Question

Solve the following systems of equations:
$
  \dfrac{{7x - 2}}{{xy}} = 5 \\
  \dfrac{{8x + 7y}}{{xy}} = 15 \\
 $

Answer 1

Hint – In this question take xy of the denominator to the right hand side, compute the value of xy from one of the equations and substitute it back into another, use the relationships formed between x and y to get their values.

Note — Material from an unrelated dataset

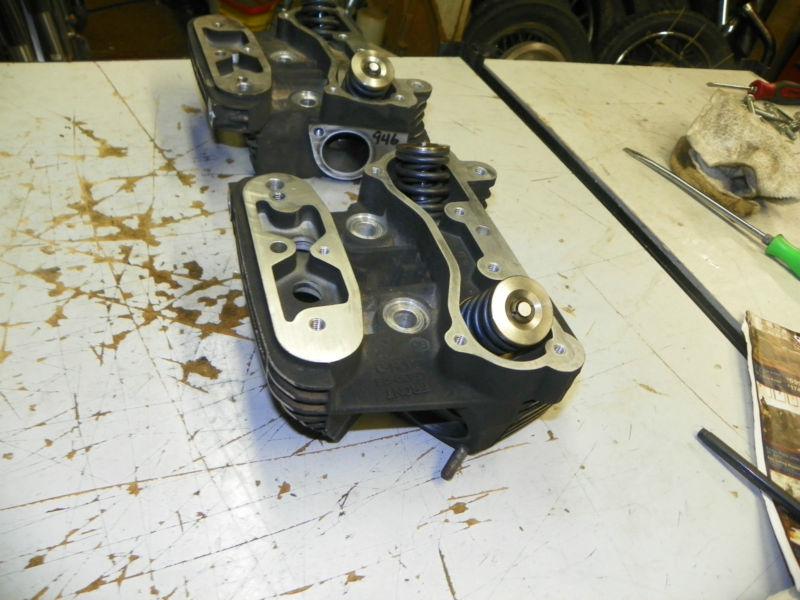 Purchase Harley Evolution 1340 Screamin Eagle Breather Type Cylinder Heads OEM in San Bernardino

Complete Step-by-Step solution:
Given system of equations is written as
$ \Rightarrow \left( {7x - 2} \right) = 5xy$................. (1)
$ \Rightarrow 8x + 7y = 15xy$................... (2)
Now from equation (1) we have,
$ \Rightarrow xy = \dfrac{{7x - 2}}{5}$................... (3)
Now from equation (2) we have,
 $ \Rightarrow 8x + 7y = 15 \times \left( {\dfrac{{7x - 2}}{5}} \right)$
Now simplify the above equation we have,
$ \Rightarrow 8x + 7y = 21x - 6$
$ \Rightarrow 13x - 7y = 6$....................... (4)
Now from equation (3) calculate the value of y in terms of x we have,
$ \Rightarrow y = \dfrac{{7x - 2}}{{5x}}$..................... (5)
Now substitute this value in equation (4) we have,
\[ \Rightarrow 13x - 7\left( {\dfrac{{7x - 2}}{{5x}}} \right) = 6\]
Now simplify the above equation by multiplying (5x) throughout we have,
$ \Rightarrow 65{x^2} - 49x + 14 = 30x$
$ \Rightarrow 65{x^2} - 79x + 14 = 0$
Now factorize this equation we have,
$ \Rightarrow 65{x^2} - 65x - 14x + 14 = 0$
$ \Rightarrow 65x\left( {x - 1} \right) - 14\left( {x - 1} \right) = 0$
$ \Rightarrow \left( {x - 1} \right)\left( {65x - 14} \right) = 0$
$ \Rightarrow x = 1,\dfrac{{14}}{{65}}$
Now from equation (5) we have,
When x = 1
$ \Rightarrow y = \dfrac{{7\left( 1 \right) - 2}}{{5\left( 1 \right)}} = \dfrac{5}{5} = 1$
When x = (14/65)
$ \Rightarrow y = \dfrac{{7\left( {\dfrac{{14}}{{65}}} \right) - 2}}{{5\left( {\dfrac{{14}}{{65}}} \right)}} = \dfrac{{\dfrac{{98 - 130}}{{65}}}}{{\dfrac{{70}}{{65}}}} = \dfrac{{ - 32}}{{70}} = \dfrac{{ - 16}}{{35}}$
So the solutions of given system of equation are
$ \Rightarrow \left( {u,v} \right) = \left( {1,1} \right){\text{ and }}\left( {\dfrac{{14}}{{65}},\dfrac{{ - 16}}{{35}}} \right)$
So this is the required solution.
So this is the required answer.

Note – We could have used another method to factorize the formed quadratic equation in the middle of the solution. Dharacharya formula that is $x = \dfrac{{ - b \pm \sqrt {{b^2} - 4ac} }}{{2a}}$helps finding out the roots of any quadratic equation of the form $a{x^2} + bx + c = 0$.